Dès ses premiers plans, la série War & Peace légitime des répliques anglo-saxonnes à la Henry James par un faste décoratif d’un autre temps, lumineux, exubérant dans son raffinement. Mieux, elle fait de chaque séquence marquante un enjeu pictural classique – on pense à Peter Greenaway – identifiable dans sa composition. La mort du comte, le bal, la bataille… pour ne citer que ces séquences, font l’objet d’un souci de scénographie et de lumières maniaques, impeccables mises en abyme des passions soumises à l’injonction de la probité. Parce que dans le fond, il n’est question que de ça dans War & Peace: quelle est ta place et comment vas-tu y survivre ? A noter que “la paix” est en langue russe un homophone du “monde”, de la société. Incroyable façon de nous avertir que l’un ou l’autre aura notre peau. La guerre ou la réputation. Sans spoiler, à War & Peace de réconcilier la génération Y (les séries de la BBC en sont coutumières) : les temps de troubles forment l’assiette idéale pour devenir ce qu’on veut. Au fils indigne de devenir un héros de guerre. A l’intriguant sans scrupules d’inspirer à un autre héros une fraternité qui dissout la jalousie affective. A la barbarie de la guerre d’apprendre à se civiliser et de reconnecter avec son destin. Cela ne se fera pas sans perte, certes.

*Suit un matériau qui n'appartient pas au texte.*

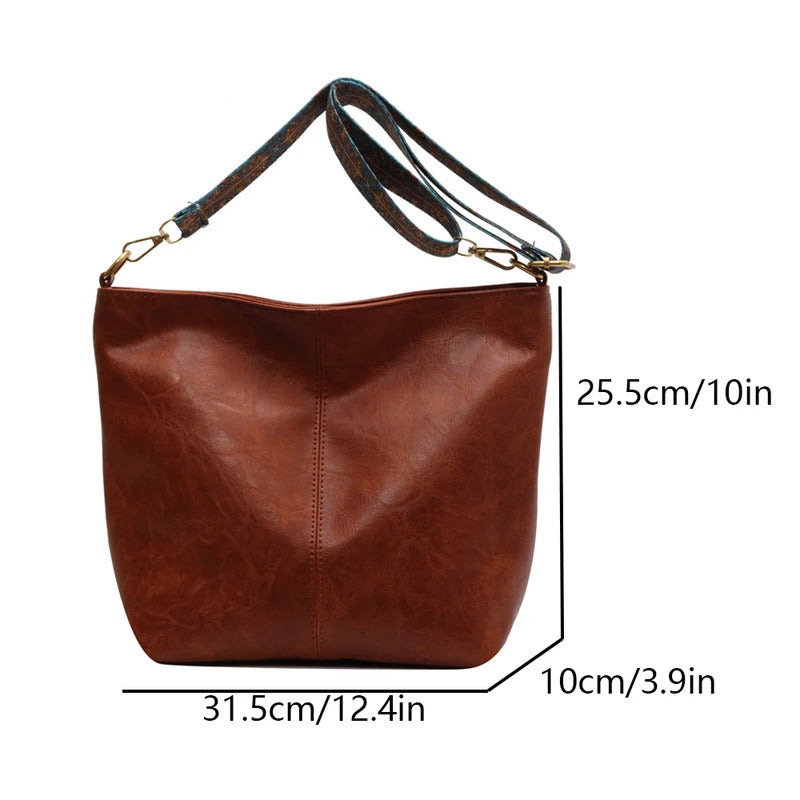 Women's retro solid color PU large capacity shoulder bag, fashionable crossbody bag, suitable for girls' daily commuting -ll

De l’interprétation d’un casting sans faille (étonnant Kassovitz en Napoléon sans doute inspiré par Nicolas Sarkozy à Pierre Bézoukhov, aux airs d’Harry Potter en dépression) à la démesure du décor, War & Peace transpire non seulement le souci de l’adaptation inspirée mais aussi l’humilité du one shot. “Nous avons six heures pour faire état d’un des plus grands romans de la fin du 19ème siècle”. War & Peace ne dit que ça dans un language visuel et sonore où se mêlent sans fausses notes accents artistocratiques british et chants traditionnels russes, visions de chaos militaires puis civils, exaltés et poèsie pastorale contemplative, dialogues dont l’élégance n’égalent que la concision. Vertigineuse valse des corps et des affects où l’amour est une guerre contre la place que le regard social nous assigne. Et où la guerre elle-même nous tient en respect pour l’amour des vivants.